Existe un pueblo en Papúa Nueva Guinea que practica algunas costumbres singulares y antiquísimas, transmitidas oralmente de padres a hijos.

Los Arapesh, denominación bajo la que se conoce esta cultura, conciben el mundo de una forma especial. Para ellos no existe propiedad ni pertenencia alguna.

Ser dueño de algo es un insulto que acaba con la reputación de aquel que pretende serlo. También lo es alimentarse de lo que alguien cultiva sin compartirlo previamente. Hacerlo significa robar.

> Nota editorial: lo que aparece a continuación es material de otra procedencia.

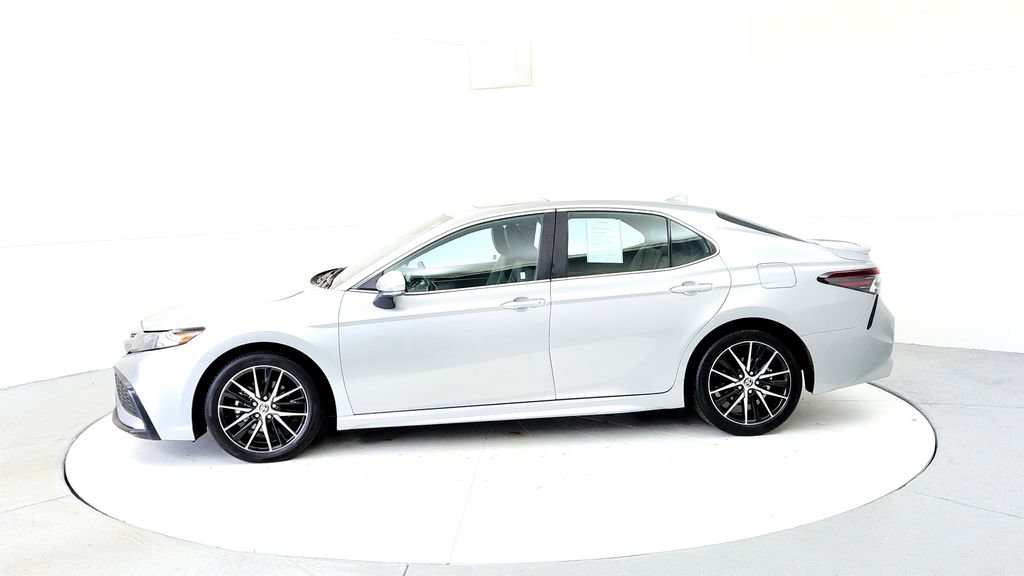 Certified 2024 Toyota Camry SE w/ Cold Weather Package AWD/4WD image 3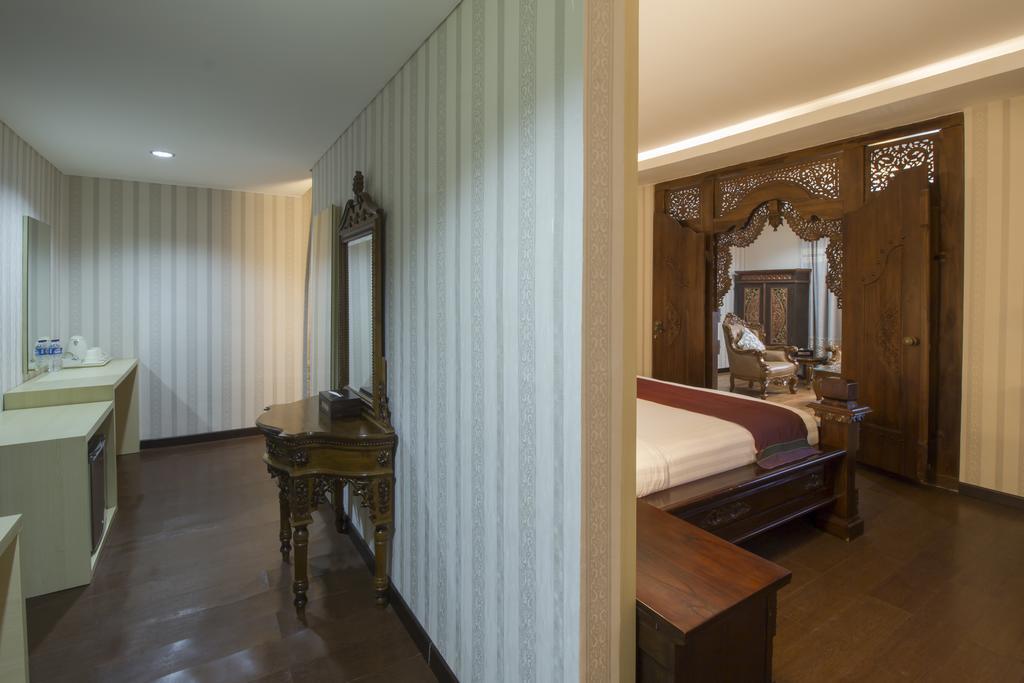 Grand Puri Saron Yogyakarta Otel Dış mekan fotoğraf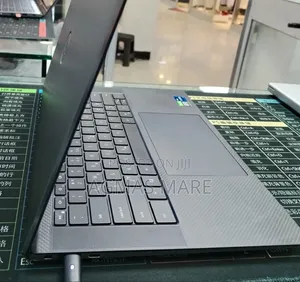New Laptop Dell Precision 5560 16GB Intel Core i7 SSD 512GB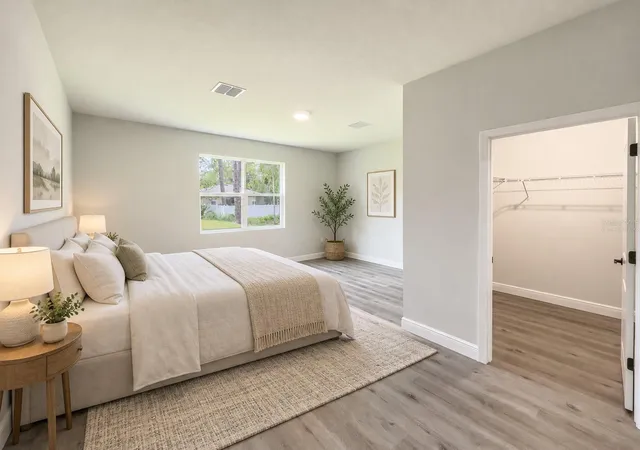 Photo 3 of Single family home for sale at 979 East Pkwy, Deland, FL 32724 | MLS# S5159319 | Listing updated on 2026-10-11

Ellos viven siempre el presente y solo utilizan el pasado como una forma de proyectarse hacia el futuro. Sin embargo, la característica más peculiar de los Arapesh es que son especialmente felices. Han aprendido, como suele decirse, que la felicidad no radica en hacer siempre lo que quieren, sino en querer siempre lo que hacen.

Solidarios por naturaleza y educación, para ellos es tabú pronunciar la palabra «yo».

Los niños viven alegres, seguros de que, jamás, nadie les dirá que no son capaces de hacer algo. Saben que eso limita y quita fuerzas. Si algo se puede soñar, se puede conseguir. Los hombres deben caminar libres por la vida y no cargar con los miedos y frustraciones de sus mayores.

En realidad, para los Arapesh lo más importante es observar el mundo de los animales y la naturaleza. Toda la sabiduría se encuentra allí. Por eso, el día lo dedican a observar a los animales, aprendiendo de ellos a compartir, a confiar en el mañana y a criar a todos los hijos del poblado por igual, sin diferencias ni jerarquías, corrigiendo sus comportamientos con cariño y paciencia. Por el contrario, las noches las destinan a orar, agradeciendo al cielo su techo, y, a la tierra, las plantas y frutos que les regala.

Supongo que para muchos eso convierte a los Arapesh en un poblado tercermundista; sin embargo, para mí son un ejemplo de vida a seguir.